Another Disturbing Article

Removal of Saddam is hopefully considered good and not evil. But the good old USA has installed its fair share of despots too...does Panama ring a bell? or the Shah? not too mention several other historic blunders. I was born when the US got involved in Vietnam, and my dad was serving over there with 250,000 other US troops when Robert McNamara testified we had no troops in SE Asia....that is when my childhood innocence was robbed from me. How much more politically correct damage control must we tolerate? Even now as we speak, read and write, the USA is financing and funding, antiIsraeli objectives...and with technology militarily speaking too.

(4) betti miner, December 23, 2003 12:00 AM

great story!

It was a Hanukkah miracle for this brave Iraqi man who chose to leave the cruel regime of Saddam. I must make a correction however on your sentence about Vietnam. The US DID NOT lose that war, it was a draw. No one lost and no one won. Thank you Mr. Pipes.

(3) Anonymous, December 22, 2003 12:00 AM

The U,S.. AND THE U.SSR..LIBERATED THE Nazi death camps...

the U.S HAS FOUGHT VALIANTLY in W.W.2 TO SAVE MANY NATIONS INCLUDING Australia where and whn it built roads and communications in hot spots...saving us from Japanese and Nazi invasion... thank you U.S. DEFENCE FORCES...AUSTRALIA WOULD HAVE BEEN ONE BIG DEATH CAMP IN PROBABILITY IF NOT FOR YOU...

(2) Bob Honeyman, December 21, 2003 12:00 AM

Flawed Policy

Mr. Pipes draws a poignant picture. Thank G-d we were able to help the people of Iraq. But why Iraq? Why not Syria? Why not Saudi Arabia? Why not The Sudan? There are a dozen other places in the world that offer equally compelling arguments for unilateral U.S. invasion, all of which present a threat to U.S. and world security that is no less than the threat posed by the pre-invasion Iraq.

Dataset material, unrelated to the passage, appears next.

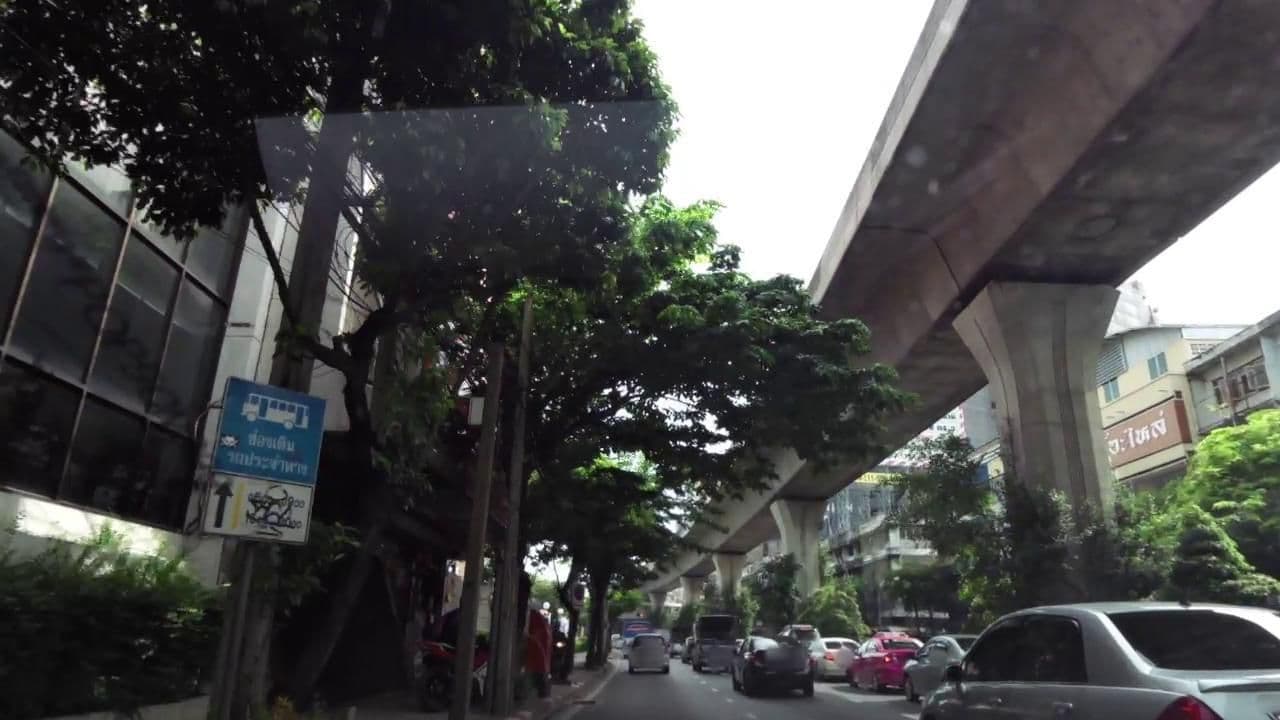 Street view near Buri Hostel, Phra Khanong — © toffy (CC BY-SA · Mapillary)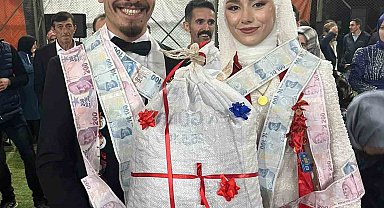 Giresun'da düğünde altın yerine bir çuval fındık taktılar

But we live in a world where even the U.S. chas v'shalom has finite resources. Indications exist that U.S. actions in Iraq may have been the result of disingenuity on the part of the Bush administration. There is strong evidence that intelligence disproving the existence of WMD was ignored and willfully suppressed by senior members of this administration. Meanwhile, Afghanistan returns to the 12th century. $87 billion dollars are being poured into Iraq, a country not directly involved with 9/11, while funding to help secure a liberal future for Afghanistan isn't even discussed let alone allocated.

A signigicant portion of Afghanistan is back under the control of the Taliban. Is this not a major concern for our world? Better for Mr. Pipes to tell us of the successes in such locations that directly threaten U.S. and world security. But that's not possible since this administration seems to have chosen to use Iraq as a red herring to divert attention from the more direct threats to the American people.

Since the U.S. took down Saddam, there's no question that the U.S. has the moral responsibility to rebuild Iraq. However, in the war on terrorism, the front lines remain in Afghanistan, not Iraq. It's easy to display pictures of the pathetic former dictator. But whatever minor threat he posed to the world while in office ceased upon his being toppled. Would that the same were true of bin Laden and his minions.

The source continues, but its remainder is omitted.